> **Exercise description**:
When you transcribe the data below, reproduce every line exactly and leave each picture out.

> **Given data**:
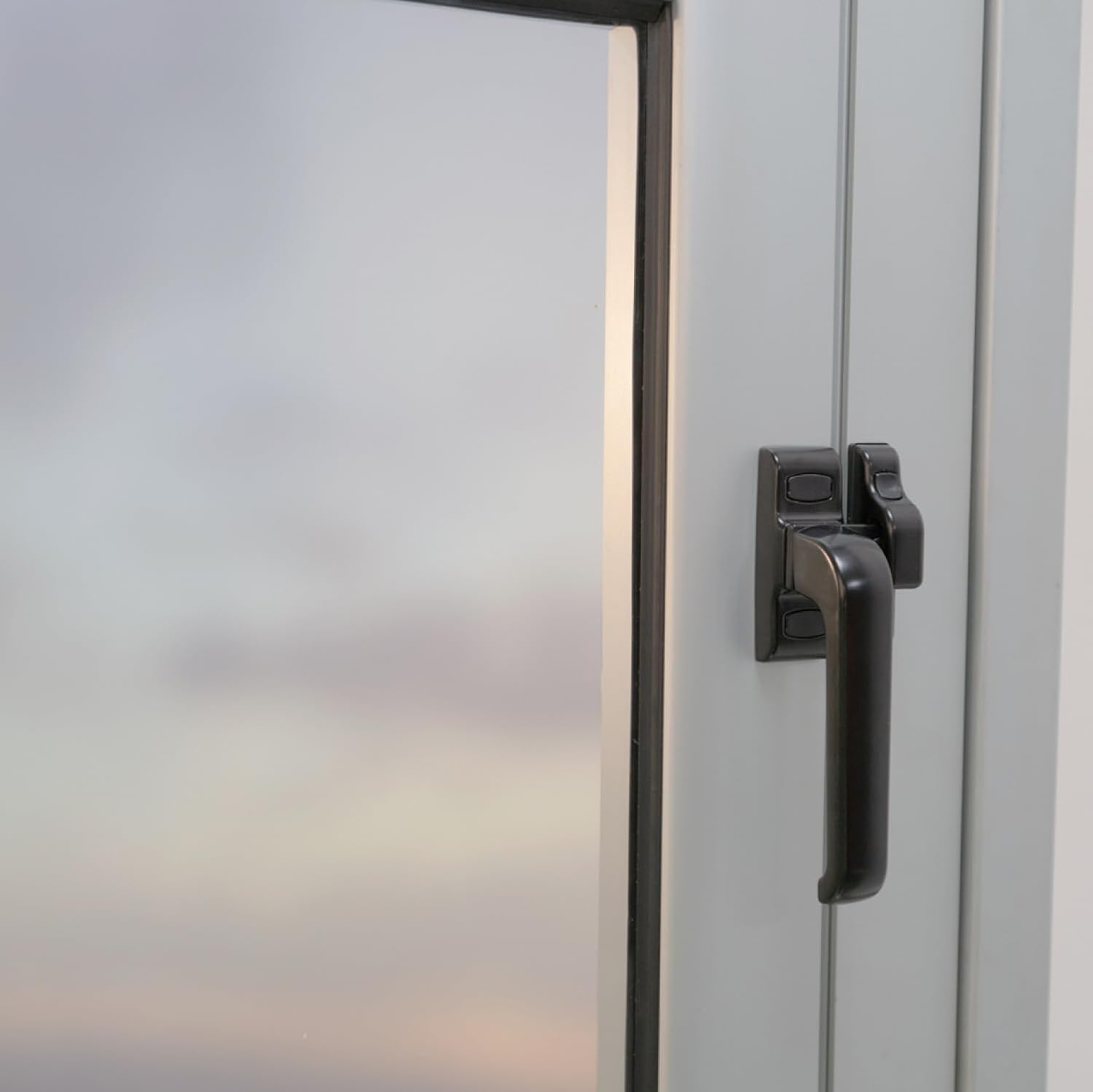 Maniglia di bloccaggio per porte e finestre mod. GAMMA - 122 x 70 mm - Rosetta - Sinistra - Porte interne e finestre - Senza Quadriletto - Alluminio Nero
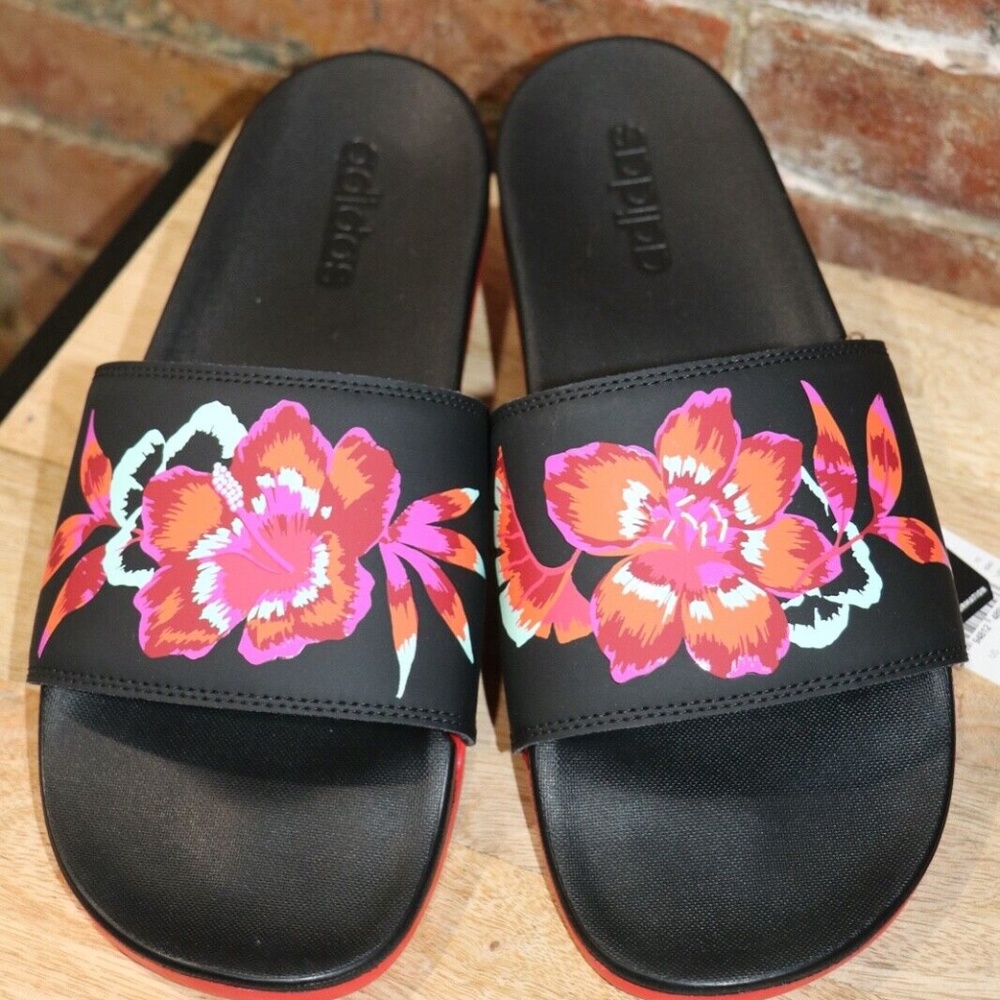NEW! Adidas Adiletter 'Black Floral' Comfort Slides Sandals Women's Size 11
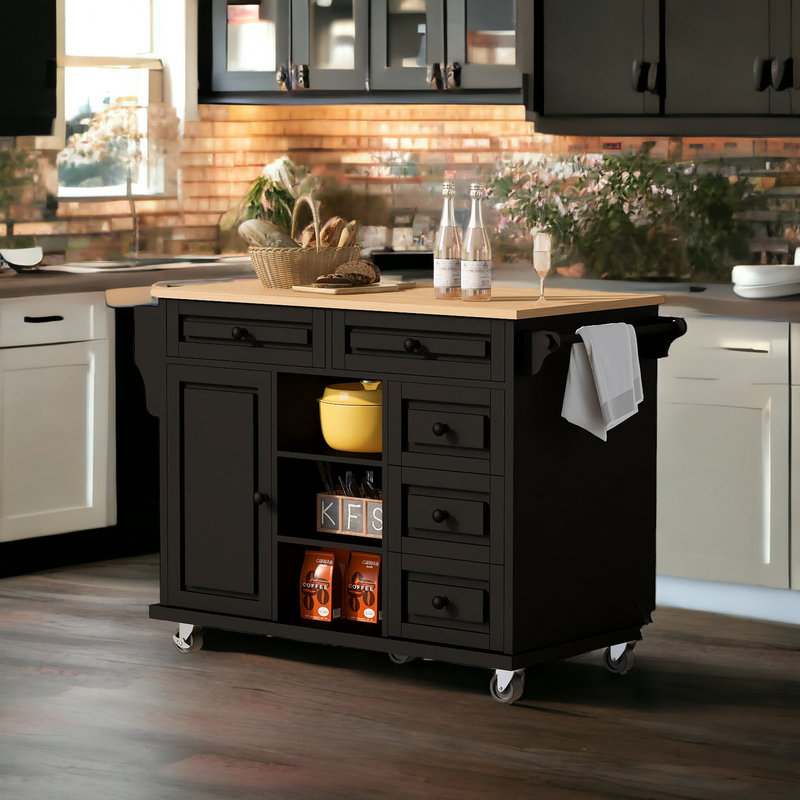 Red Barrel Studio Cisca Wood Kitchen Island | Wayfair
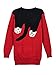 Persun Red Women's Long Sleeve Cat Intarsia Knit Jumper Sweater,One Size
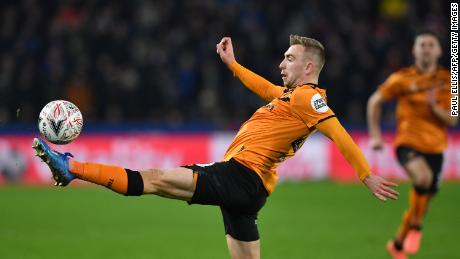 Bowen stretches to control the ball during the English FA Cup fourth round football match between Hull City and Chelsea at the KCOM Stadium in Kingston-upon-Hull on January 25, 2020.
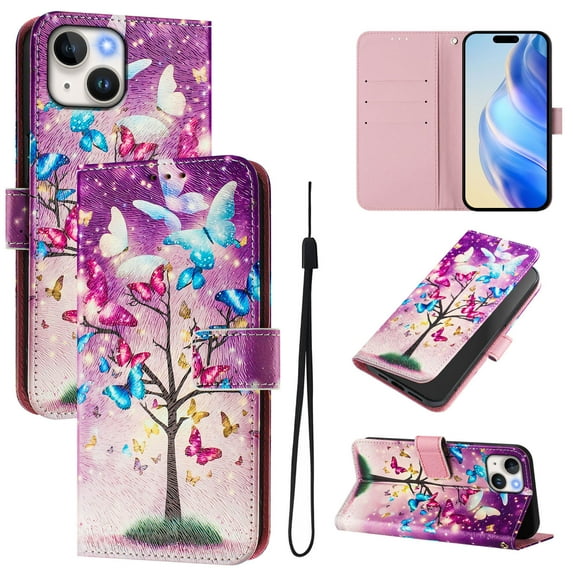 TECH CIRCLE for iPhone 14 Case 6.1-Inch (2022 Release), Cute Cartoon Flip Wallet Phone Case with Lanyard, Built-in Card Slots & Stand Function, Portable Lightweight Slim Cover, Butterfly Tree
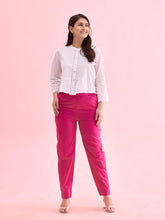 GO COLORS Women Solid Dark Rose Mid Rise Cotton Pants - S
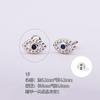 Pendientes de mariposa con forma de uña de oreja de circonita microchapada en oro y cobre de acero de titanio 316L. Pendientes de perforación transfronteriza de comercio exterior europeo y americano.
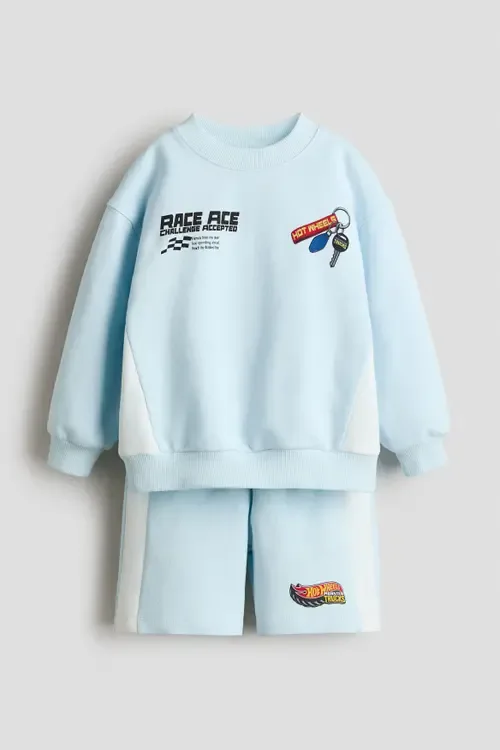 2-Piece Printed Sweatshirt and Sweatshorts Set by H&M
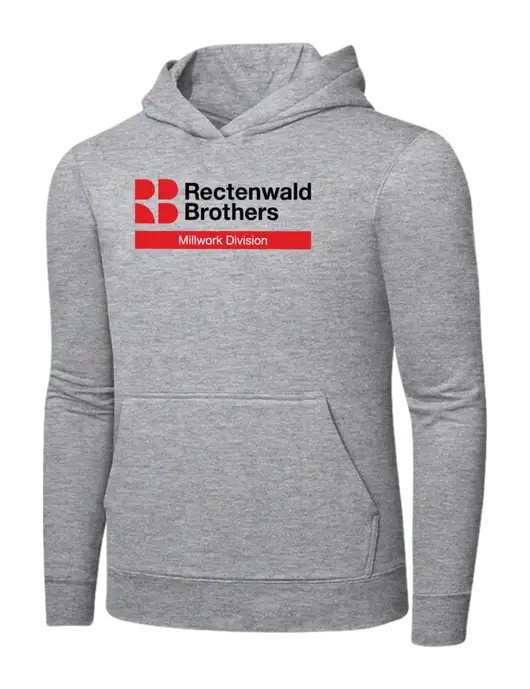 Light Grey Heather 7.8 oz Ring Spun Hooded Sweatshirt w/Millwork Division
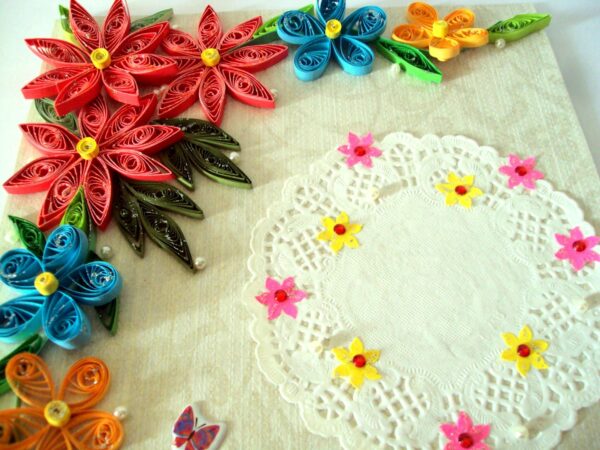 Multicolor Flowers Corner Handmade Greeting Card image Multicolor Flowers Corner Handmade Greeting Card image
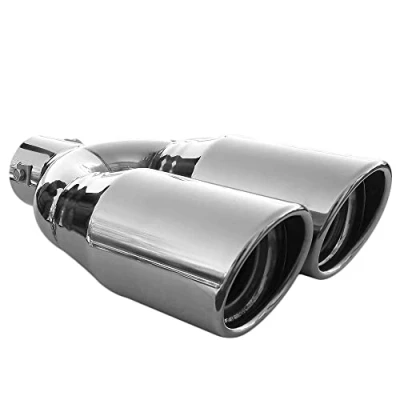 Abbildung von Doppel Auspuffblende Endrohr Universell Auspuff Doppelendrohr Schalldampf Sport Sportauspuff Blende Edelstahl Oval bis 56mm Chrom
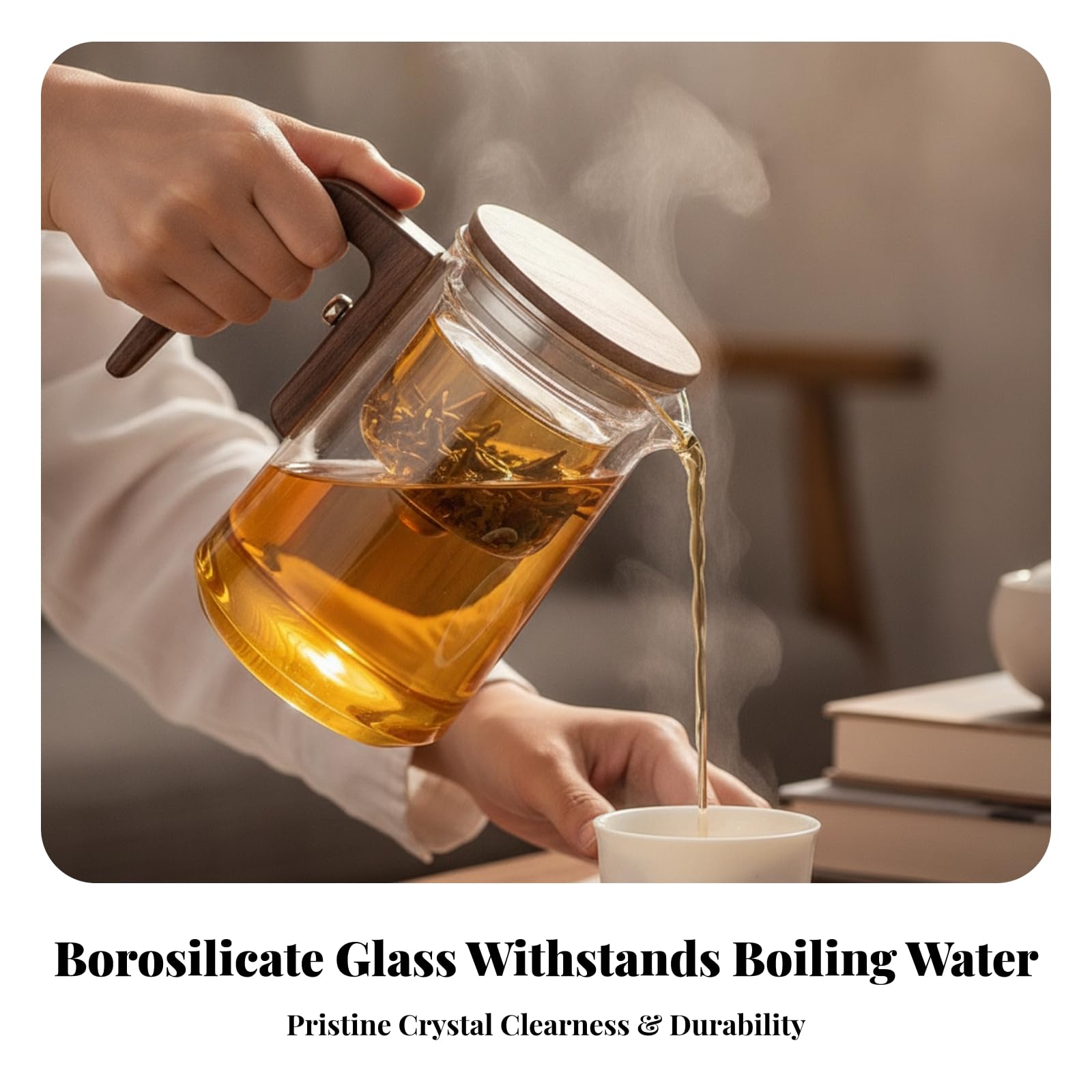 Teekanne Glas Teesieb Glasteekanne, Transparent, Transparent Mit Walnussholz-Elementen, 800 Ml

> **Solution**:
 Maniglia di bloccaggio per porte e finestre mod. GAMMA - 122 x 70 mm - Rosetta - Sinistra - Porte interne e finestre - Senza Quadriletto - Alluminio Nero
NEW! Adidas Adiletter 'Black Floral' Comfort Slides Sandals Women's Size 11
 Red Barrel Studio Cisca Wood Kitchen Island | Wayfair
 Persun Red Women's Long Sleeve Cat Intarsia Knit Jumper Sweater,One Size
 Bowen stretches to control the ball during the English FA Cup fourth round football match between Hull City and Chelsea at the KCOM Stadium in Kingston-upon-Hull on January 25, 2020.
 TECH CIRCLE for iPhone 14 Case 6.1-Inch (2022 Release), Cute Cartoon Flip Wallet Phone Case with Lanyard, Built-in Card Slots & Stand Function, Portable Lightweight Slim Cover, Butterfly Tree
 GO COLORS Women Solid Dark Rose Mid Rise Cotton Pants - S
 Pendientes de mariposa con forma de uña de oreja de circonita microchapada en oro y cobre de acero de titanio 316L. Pendientes de perforación transfronteriza de comercio exterior europeo y americano.
 2-Piece Printed Sweatshirt and Sweatshorts Set by H&M
 Light Grey Heather 7.8 oz Ring Spun Hooded Sweatshirt w/Millwork Division
 Multicolor Flowers Corner Handmade Greeting Card image Multicolor Flowers Corner Handmade Greeting Card image
 Abbildung von Doppel Auspuffblende Endrohr Universell Auspuff Doppelendrohr Schalldampf Sport Sportauspuff Blende Edelstahl Oval bis 56mm Chrom
 Teekanne Glas Teesieb Glasteekanne, Transparent, Transparent Mit Walnussholz-Elementen, 800 Ml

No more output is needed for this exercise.